Under Compose, .env is injected when a container starts. After you add or change worker-scoped variables (OPENAI_API_KEY, WARDEN_LOCAL_LLM_BASE_URL, MCP tokens), restart the worker — not the engine: docker compose up -d worker. A step that already failed with missing credentials stays failed until you retry it or start a new saga instance.

For hosted SSE MCP, declare headers in the worker manifest with ${ENV:VAR} placeholders and set VAR on the worker process. Example worker manifest:

headers:
  Authorization: "Bearer ${ENV:COMPANY_MCP_TOKEN}"

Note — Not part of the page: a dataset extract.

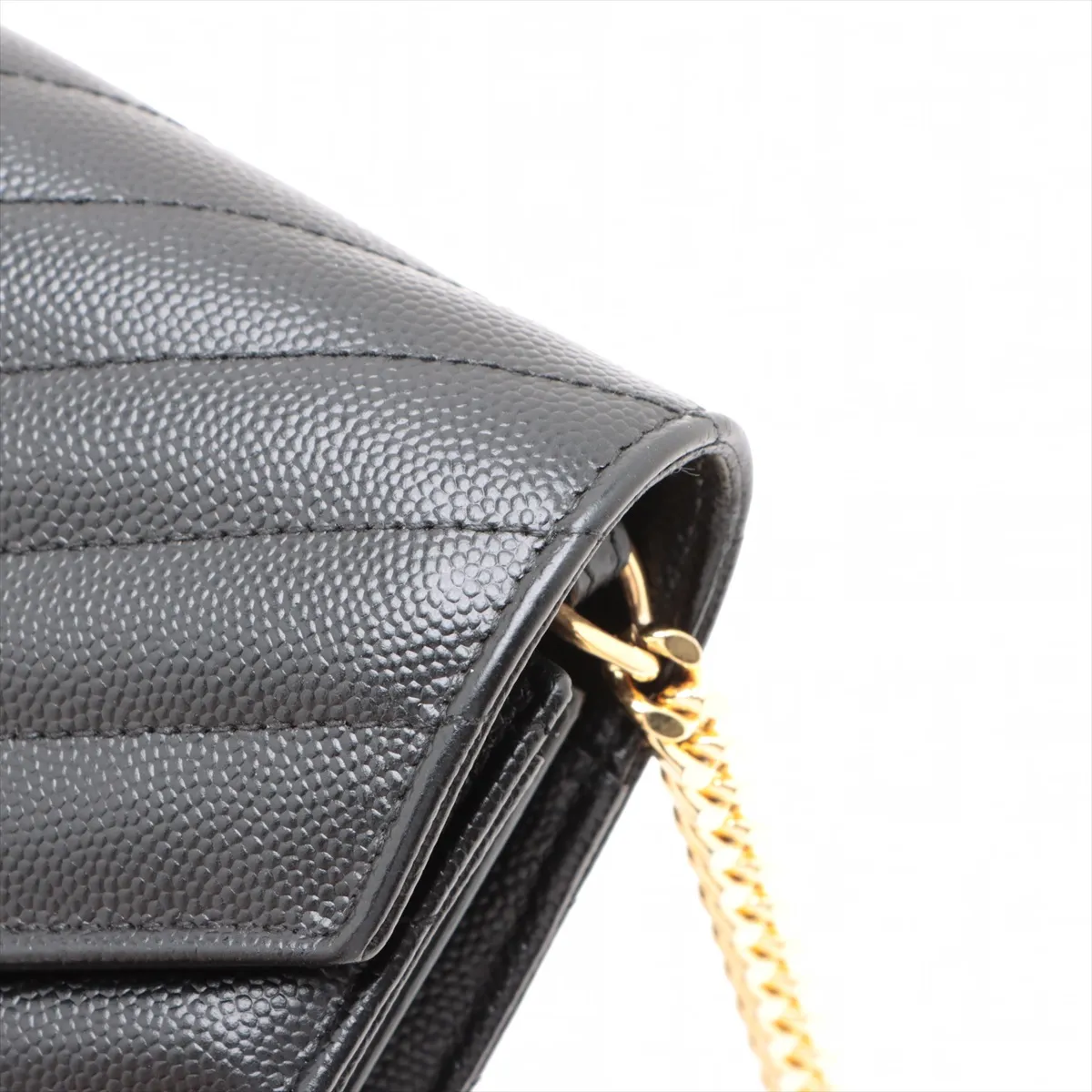 Cassandra Leather Chain Wallet, Black — view 15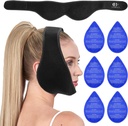 Moudrost zuby Ice Pack hlava Wrap, Face Ice Pack for Moudrom Zuby, Jaw Ice Pack for Face Oral Chirurgie s 6 Studený gel Pack pro TMJ Pain Relief, Extrakce zubů, Tonsillektomie Recovery- Black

# .env (worker container via env_file)
COMPANY_MCP_TOKEN=your-bearer-token

See MCP and tools → Hosted MCP authentication and Worker manifests.

A minimal .env for Compose + host CLI:

POSTGRES_DB=engine_db
POSTGRES_USER=admin
POSTGRES_PASSWORD=password
DB_URL=postgres://admin:password@127.0.0.1:5432/engine_db
ENGINE_URL=http://127.0.0.1:8000
OPENAI_API_KEY=sk-...

For the local Quickstart path, set WARDEN_LOCAL_LLM_BASE_URL and deploy config/worker.local-minimal.yaml:

WARDEN_LOCAL_LLM_BASE_URL=http://host.docker.internal:11434/v1

For the mock demo, omit both — use provider: mock manifests.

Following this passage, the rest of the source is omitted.